Ezekiel 48:30-35

De poorten van de stad

De beschrijving van de tempel en het land in het vrederijk besluit met een beschrijving van “de uitgangen van de stad” en de vermelding dat “aan de noordzijde … de maat vijfenveertighonderd” el lang is (Ez 48:30). Deze lengte geldt vervolgens ook voor de oostzijde (Ez 48:32), de zuidzijde (Ez 48:33) en de westzijde (Ez 48:34). Op de uitgangen, die vervolgens “poorten” worden genoemd, staan “de namen … van de stammen van Israël”, dat wil zeggen van alle twaalf stammen (Ez 48:31a; vgl. Op 21:12). Dat geeft aan dat de stad het eigendom is van alle twaalf stammen. Het is de stad van het ware volk van God. De stad is de hoofdstad van alle stammen. Dat er sprake is van “uitgangen”, bepaalt ons erbij dat de stad het centrum van zegen is van waaruit naar elke stam zegen gaat.
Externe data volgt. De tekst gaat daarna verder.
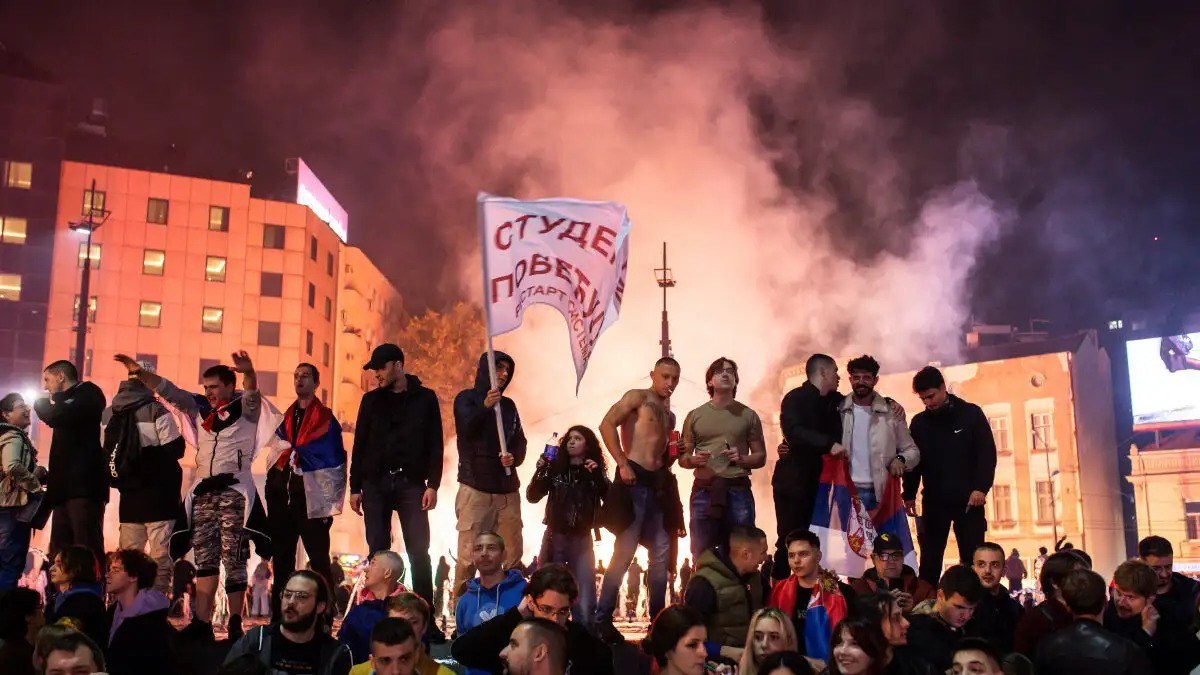 Σερβία: Η τραγωδία με τους 16 νεκρούς που έγινε σύμβολο διαμαρτυρίας – Πώς έφτασε η χώρα στην ανατροπή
De opsomming van de uitgangen (Ez 48:30-34) begint met de noordzijde, net zoals dat gebeurt met de stammen van het land (Ez 48:1-7). Elk van de vier zijden van de stad heeft drie uitgangen, zodat de hele stad er twaalf heeft. Opmerkelijk is dat er sprake is van “de Levipoort” (Ez 48:31). Dat kan, omdat er ook een “Jozefpoort” is (Ez 48:32), waarin de stammen Efraïm en Manasse, de zonen van Jozef, samengevoegd zijn.

De opsomming begint met de “drie poorten naar het noorden: één de Rubenpoort, één de Judapoort [en] één de Levipoort” (Ez 48:31b). De namen die worden genoemd, zijn die van de zonen van Lea. Zij worden in de zegen van Mozes ook het eerst genoemd (Dt 33:6-8). Ruben is de eerstgeborene in leeftijd, Juda is de koningsstam en Levi is door God gekozen om Hem te dienen in plaats van de eerstgeborenen.

Dan volgen de poorten aan de oostzijde: “één de Jozefpoort, één de Benjaminpoort [en] één de Danpoort” (Ez 48:32). Jozef en Benjamin zijn de twee zonen van Rachel. Dan is de oudste zoon van de slavin van Rachel.

Vervolgens worden de namen van de poorten aan de zuidzijde genoemd: “één de Simeonpoort, één de Issascharpoort [en] één de Zebulonpoort” (Ez 48:33). Dit zijn de namen van de drie andere zonen van Lea.

Als laatste krijgen we de namen van de poorten aan de westzijde: “één de Gadpoort, één de Aserpoort [en] één de Naftalipoort” (Ez 48:34). Dit zijn de namen van de drie andere zonen van de twee slavinnen.

De naam van de stad

Nadat de namen van de poorten van de stad, die van heel Israël is, zijn genoemd, krijgt de stad ten slotte zelf een naam. Door die naam wordt de stad verheven tot de hoogste staat, de staat van de stad van God. In de laatste woorden van dit boek wordt in de naam van de stad het doel dat Gods met Israël en met de mensheid heeft, prachtig samengevat.

Zoals God in het midden van het verzamelde en vernieuwde Israël zal wonen, zo zal het ook in de eeuwigheid zijn. Dan zal God bij de mensen op de nieuwe aarde wonen (Op 21:3). In de tijd van de gemeente op aarde, dat is nu, woont God door Zijn Geest in Zijn verlosten (Rm 8:11) en in Zijn gemeente (Ef 2:22).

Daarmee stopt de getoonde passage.